De acuerdo con la instrucción judicial, la firma operaba mediante un esquema de captación de fondos privados prometiendo rendimientos mensuales de hasta 7% en pesos y 3,4% en dólares. La maniobra se expandió por varias jurisdicciones, registrando denuncias en Santa Fe, Córdoba, Catamarca y Santiago del Estero, provincia donde los montos reclamados por los damnificados rozarían los $1.000 millones.

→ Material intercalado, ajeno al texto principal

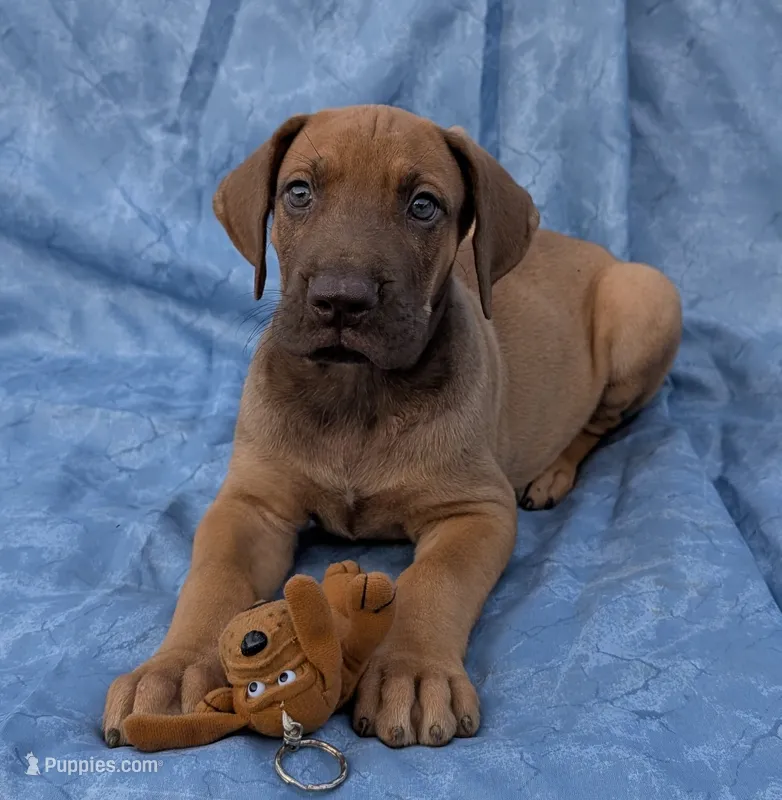 Sage – Great Dane puppy for sale in Barnesville, GA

Medidas de prueba y rechazo de los querellantes
Ante el corte de pagos registrado a comienzos de 2026, el imputado justificó el incumplimiento atribuyéndolo a un descalabro operativo, rechazando la existencia de un delito penal. Sin embargo, la Fiscalía avanzó con allanamientos e inspecciones sobre sus activos:
Medidas de la fiscalía: se secuestraron dispositivos electrónicos, documentación contable y se solicitaron informes a entes de contralor financiero para verificar la posible comisión de intermediación financiera no autorizada, lo que derivaría el caso al fuero federal.
Postura de la querella: los abogados representantes de las víctimas, Aníbal Paz y Juan Pablo Bello, cuestionaron el pedido de quiebra al interpretarlo como un intento por eludir responsabilidades económicas, aclarando que la vía civil no detiene la prosecución de las imputaciones penales.
Las autoridades judiciales precisaron que ambos expedientes continuarán de forma independiente, por lo que la designación de un síndico contable no alterará el curso de las eventuales condenas penales.